**TASK TO COMPLETE**
An exact copy of every entry is needed, without any of the pictures.

Start of DATA FOR PROCESSING

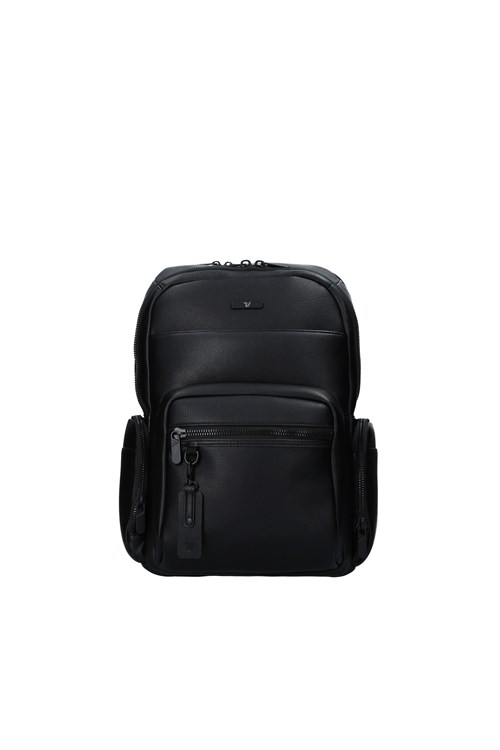Roncato Porta Pc BLACK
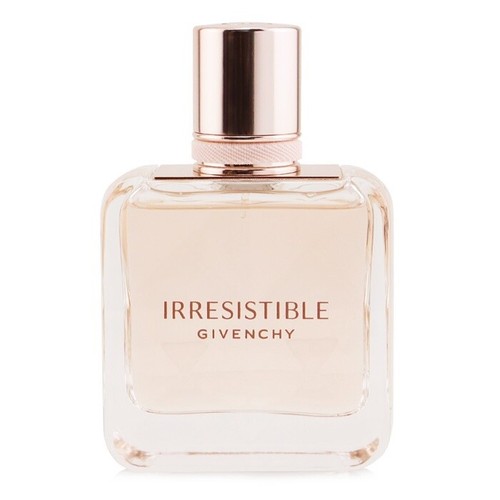 irresistible givenchy 80ml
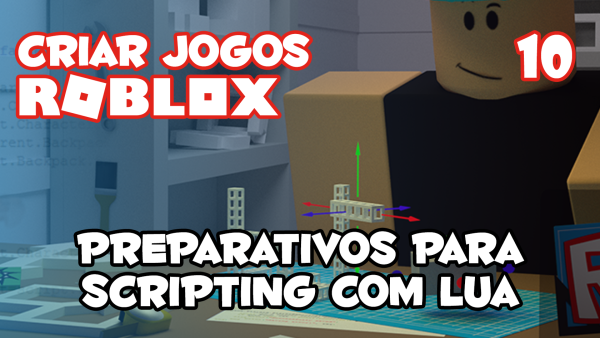 roblox010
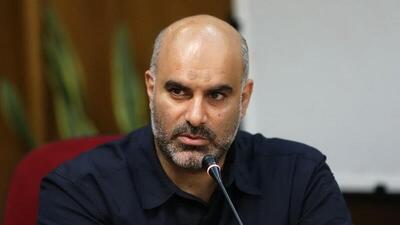 برخورد قانونی با پیمانکاران متخلف مراکز نگهداری از معتادان/ ۷۰۰۰ تخت به ظرفیت مراکز نگهداری اضافه شد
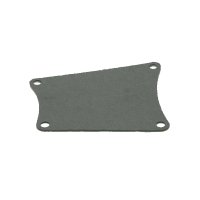 (06) PRIMARY INSPECTION COVER GASKETS FIBER BD 07 UP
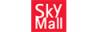 SkyMall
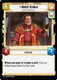 [08-ASH-EN-0017](C) Greef Karga - Gracious Magistrate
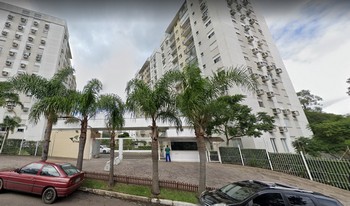 Condomínio Vivare Jardim Italia em Porto Alegre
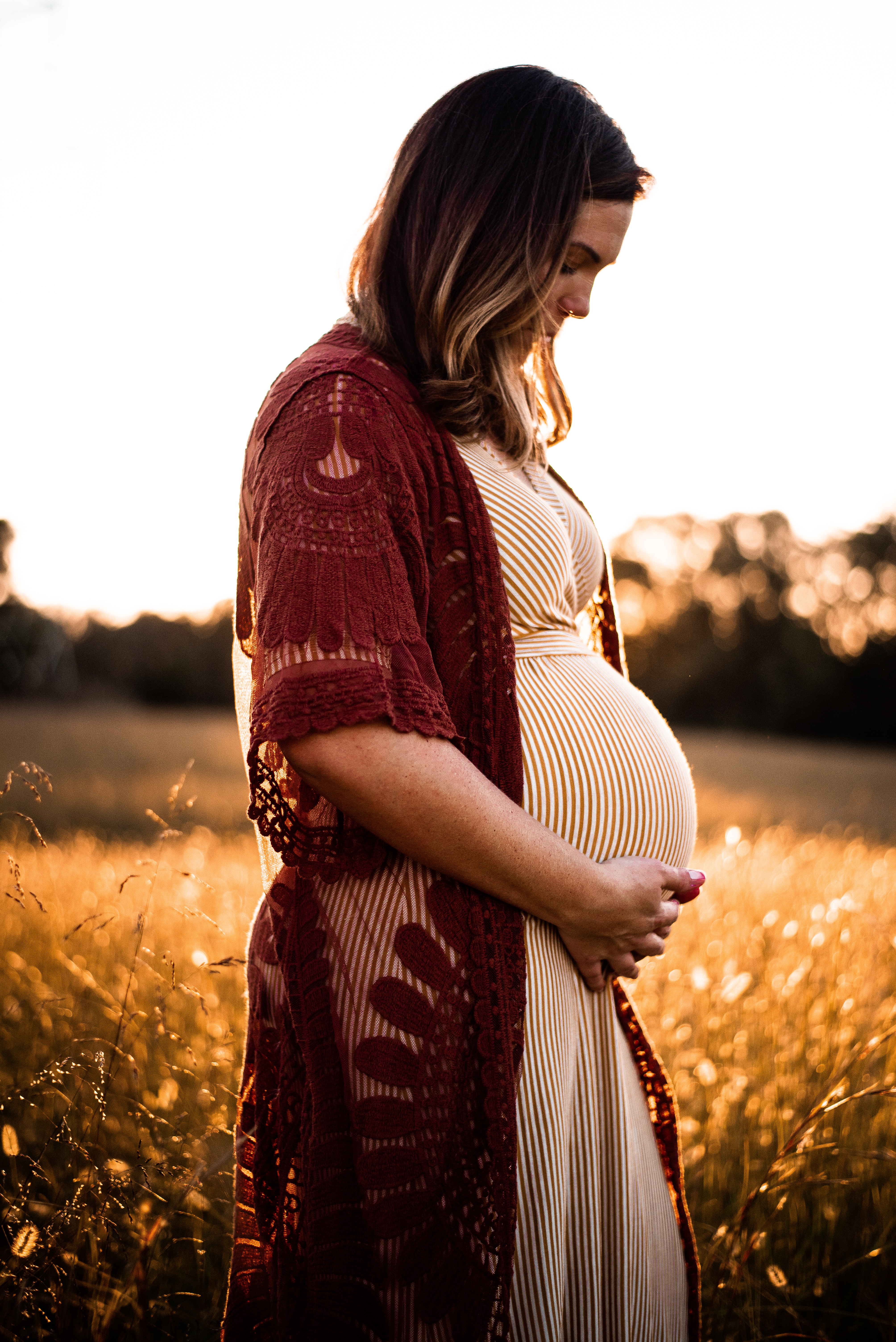 Let your awesomeness shine right through! Unsplash (Public Domain) #mothersday #pregnant #people #girl #girls #freetoedit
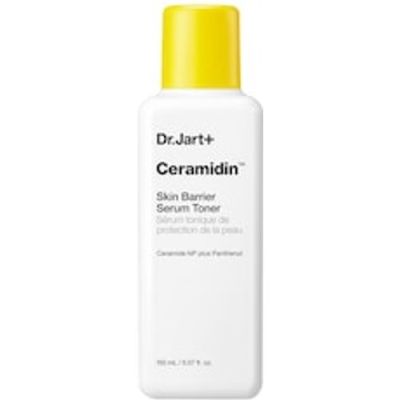DR.JART+ Ceramidin - Serum Toner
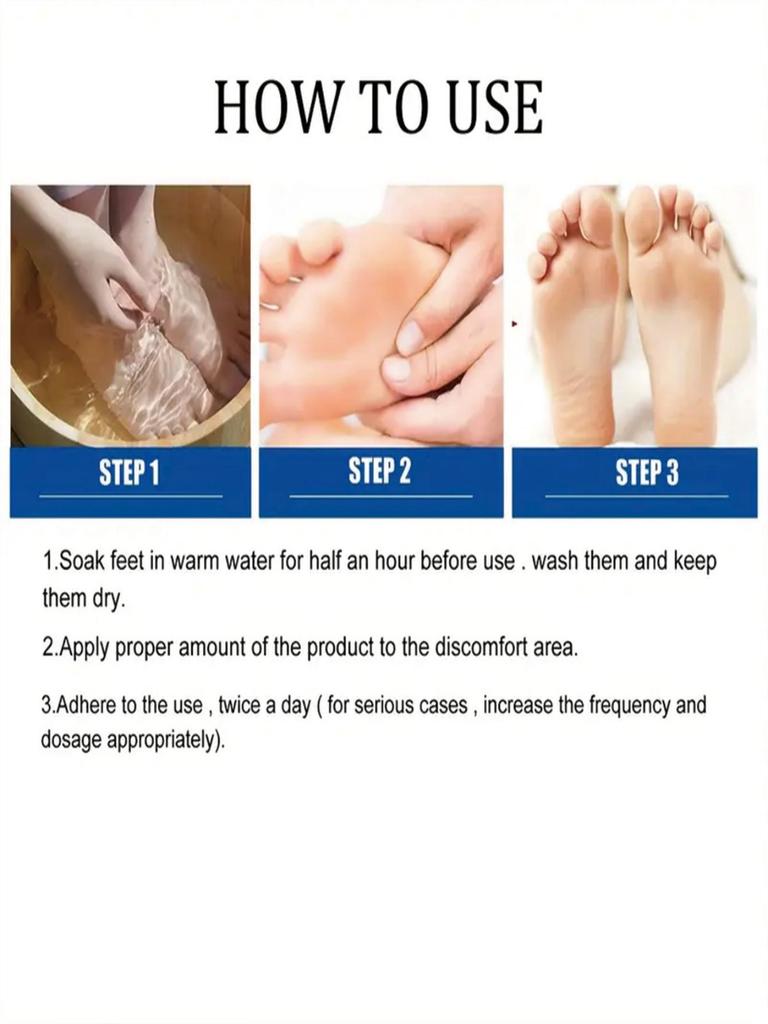 Whitening and Acne Removing Essence Cream, Brightening Facial Skin, Anti-oxidation and Anti-aging, Moisturizing Cream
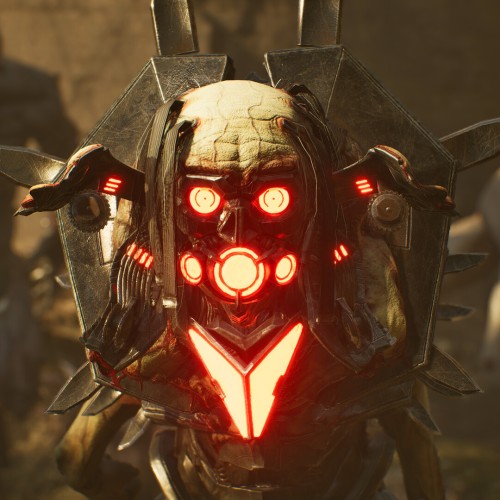 Игра Killing Floor 3 Deluxe Edition для PC / ПК, активация в стим Steam для региона РФ / Россия цифровой ключ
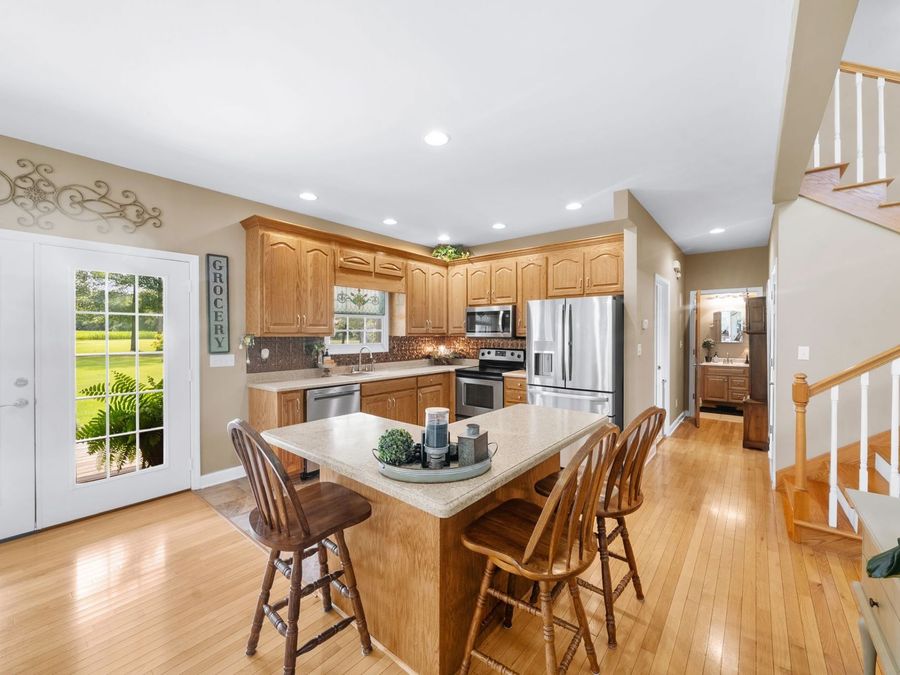 Property Image 18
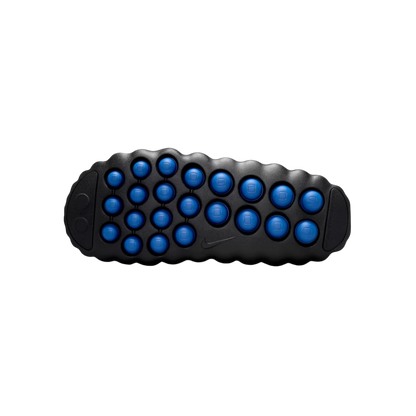 Nike Mind 001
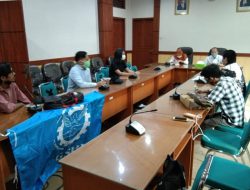 Banyak Perusahaan di DIY Tak Cairkan THR Buruh, GSBI dan LBH Yogyakarta Nilai Disnakertrans Lakukan Pembiaran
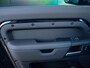 Land Rover Defender 3.0 D200 90 MHEV S l URBAN l Torque vectoring l Carbon l Jumpseat l Trekhaak l Grijs Kenteken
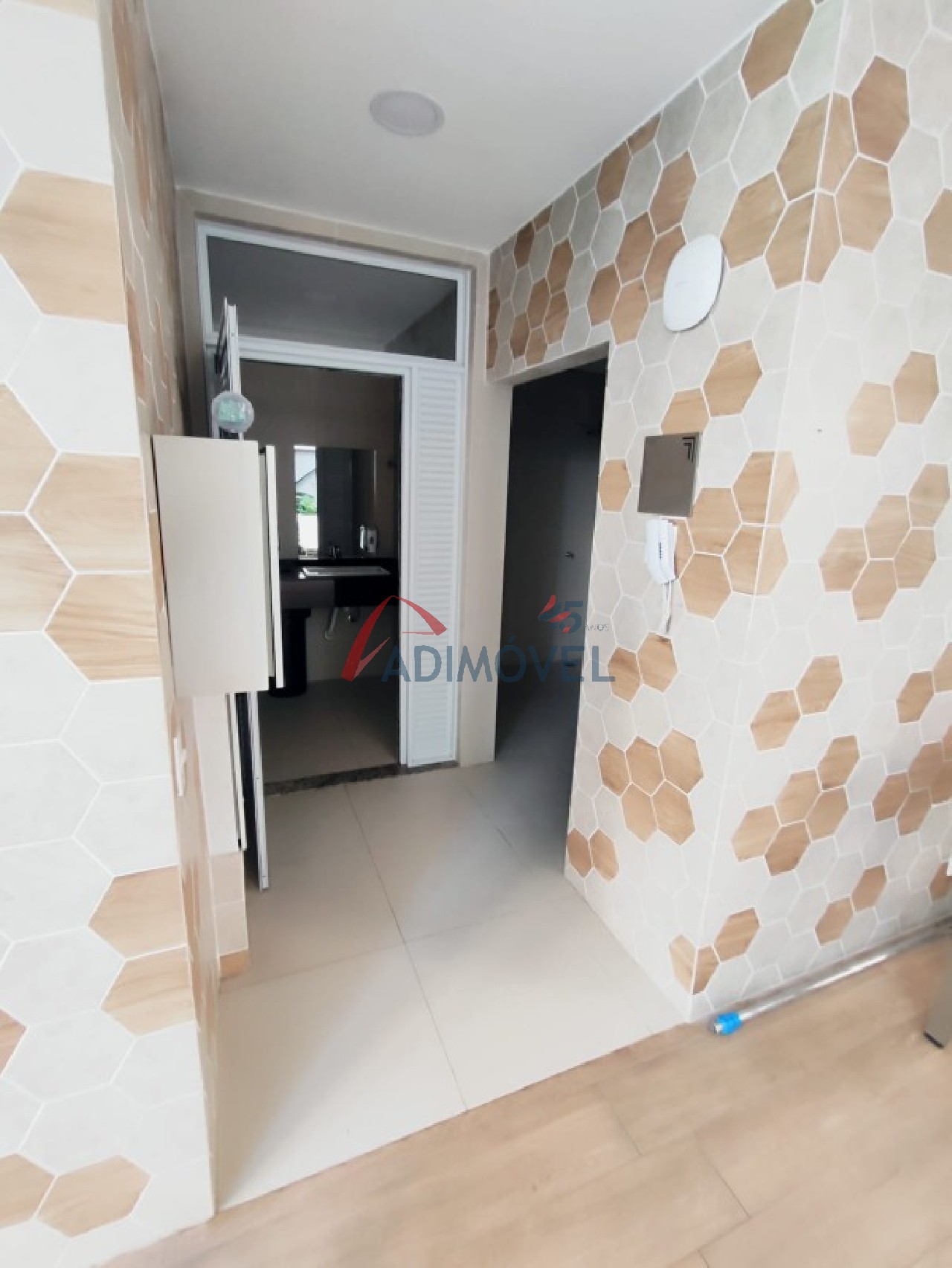 Apartamento, 3 quartos, 107 m² - Foto 37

End of DATA FOR PROCESSING

**TASK RESULT**
Roncato Porta Pc BLACK
 irresistible givenchy 80ml
 roblox010
 برخورد قانونی با پیمانکاران متخلف مراکز نگهداری از معتادان/ ۷۰۰۰ تخت به ظرفیت مراکز نگهداری اضافه شد
 (06) PRIMARY INSPECTION COVER GASKETS FIBER BD 07 UP
 SkyMall
 [08-ASH-EN-0017](C) Greef Karga - Gracious Magistrate
 Condomínio Vivare Jardim Italia em Porto Alegre
 Let your awesomeness shine right through! Unsplash (Public Domain) #mothersday #pregnant #people #girl #girls #freetoedit
DR.JART+ Ceramidin - Serum Toner
 Whitening and Acne Removing Essence Cream, Brightening Facial Skin, Anti-oxidation and Anti-aging, Moisturizing Cream
 Игра Killing Floor 3 Deluxe Edition для PC / ПК, активация в стим Steam для региона РФ / Россия цифровой ключ
 Property Image 18
 Nike Mind 001
 Banyak Perusahaan di DIY Tak Cairkan THR Buruh, GSBI dan LBH Yogyakarta Nilai Disnakertrans Lakukan Pembiaran
 Land Rover Defender 3.0 D200 90 MHEV S l URBAN l Torque vectoring l Carbon l Jumpseat l Trekhaak l Grijs Kenteken
 Apartamento, 3 quartos, 107 m² - Foto 37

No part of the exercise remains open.